Apply De Moivre’s Theorem

(1 – √3i)³ = [2(cos (-π/3) + i sin (-π/3))]³

(1 – √3i)³ = (2)³ [cos 3(-π/3) + i sin 3(-π/3)]

(1 – √3i)³ = 8[cos (-π) + i sin (-π)]

(1 – √3i)³ = 8(-1 – 0i)

(1 – √3i)³ = -8

Answer: -8

Question 10: Determine (√3 + i)⁴ using De Moivre’s Theorem.

Solution:

Convert (√3 + i) to polar form

r = √ ((√3)² + 1²) = √4 = 2

θ = tan⁻¹(1/√3​) = π / 6

Apply De Moivre’s Theorem

(√3 + i)⁴ = [2(cos (π/6) + i sin (π/6))]⁴

(√3 + i)⁴ = (2)⁴ [cos 4(π/6) + i sin 4(π/6)]

(√3 + i)⁴ = 16[cos (2π/3) + i sin (2π/3)]

(√3 + i)⁴ = 16[(-1/2) + (√3​/2)i]

(√3 + i)⁴ = -8 + 8√3i

Answer: -8 + 8√3i

De Moivre’s Theorem Practice Problems

Problem 1. Use De Moivre’s Theorem to find (2 + 3i)³.

Problem 2. Compute [8(cos (π/2) + i sin (π/2))]³ using De Moivre’s Theorem.

Problem 3. Determine the fourth roots of 27 using De Moivre’s Theorem.

Problem 4. Find (5 + i)⁵ using De Moivre’s Theorem.

Problem 5. Calculate [5(cos (π/3) + i sin (π/3))]⁴.

Problem 6. Use De Moivre’s Theorem to find (1 + ∛i)⁶.

Problem 7. Determine the square roots of -9 using De Moivre’s Theorem.

Problem 8. Compute [4(cos (π/2) + i sin (π/2))]³ using De Moivre’s Theorem.

Problem 9. Find (2 – i)⁴ using De Moivre’s Theorem.

Problem 10. Calculate [3(cos (π/6) + i sin (π/6))]⁵

Frequently Asked Questions

What is the General Formula for De Moivre’s Theorem?

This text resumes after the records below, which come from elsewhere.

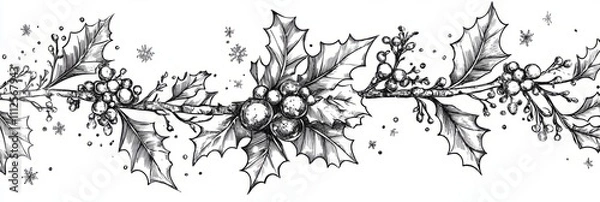 Fototapeta Christmas drawn holly line decor, pine branch, snowflake background. Hand drawn doodle sketch holly floral, christmas tree leaves, winter pine. Holiday ornament sketch doodle. Vector illustration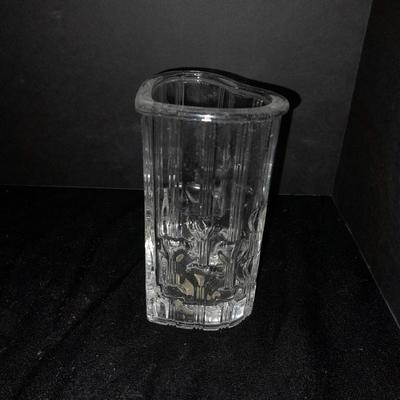 Avon Fostoria heart shaped bud vase and an early era Cable Crimped Opalescent Pedestal Footed plate.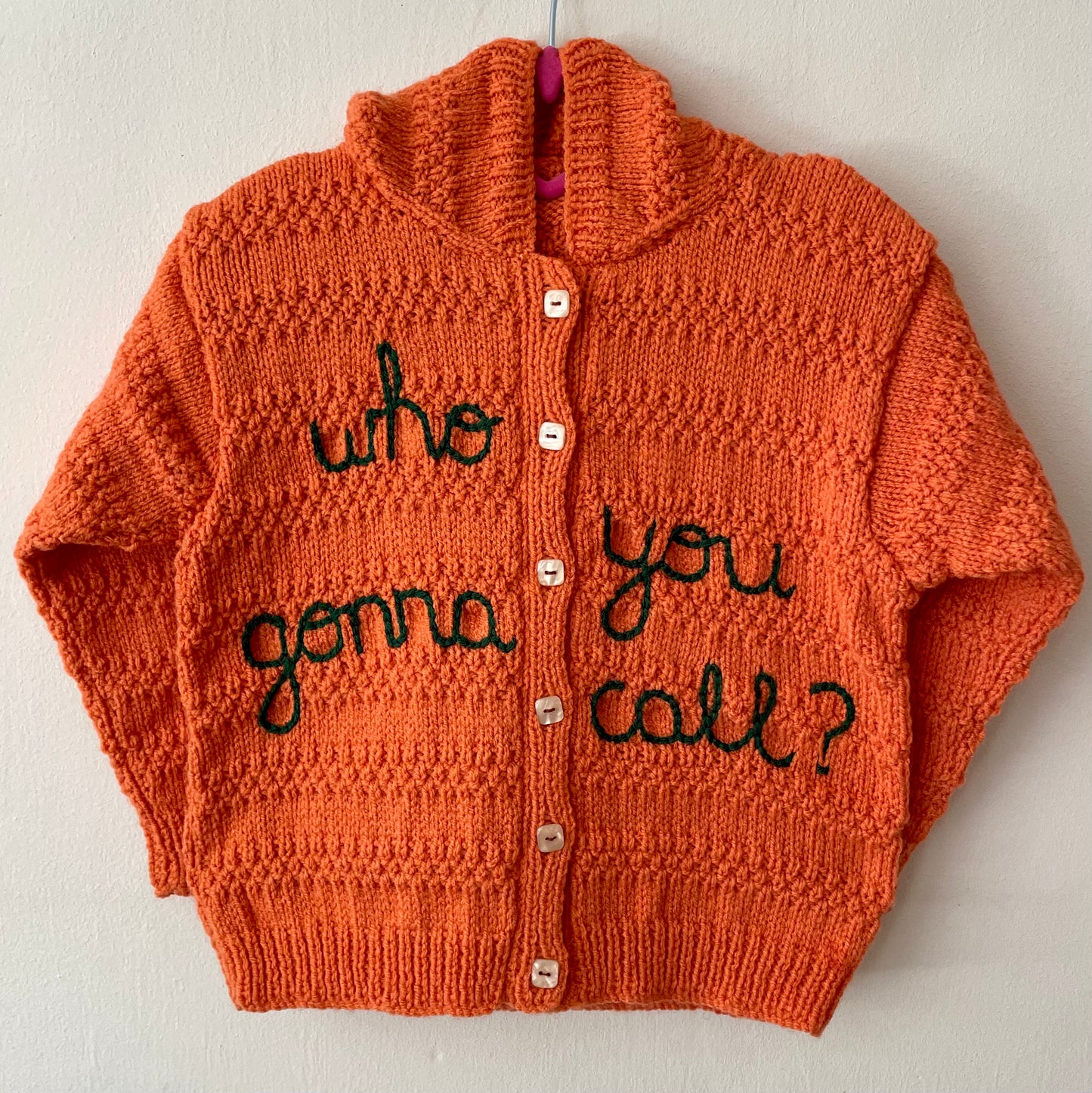 “Who You Gonna Call?” Halloween Handmade Hooded Cardigan Size Approx 4-5 Years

The general formula for De Moivre’s Theorem is,

[r (cosθ + i sinθ)] ⁿ = rⁿ [cos(nθ) +i sin(nθ)]

How is De Moivre’s Theorem Useful?

De Moivre’s Theorem is useful for:

• Raising complex numbers to a power.
• Finding the roots of complex numbers.
• Simplifying expressions involving trigonometric functions.

What are the Limitations of De Moivre’s Theorem?

De Moivre’s Theorem is primarily used for integer powers and roots of complex numbers. It doesn’t directly apply to non-integer exponents or to more general complex functions without further modifications.

How Do You Convert a Complex Number to Polar Form?

A complex number a + bi can be converted to polar form r(cos θ + i sinθ)

where, r = √ (a² + b²) and θ = tan⁻¹(-b/a​)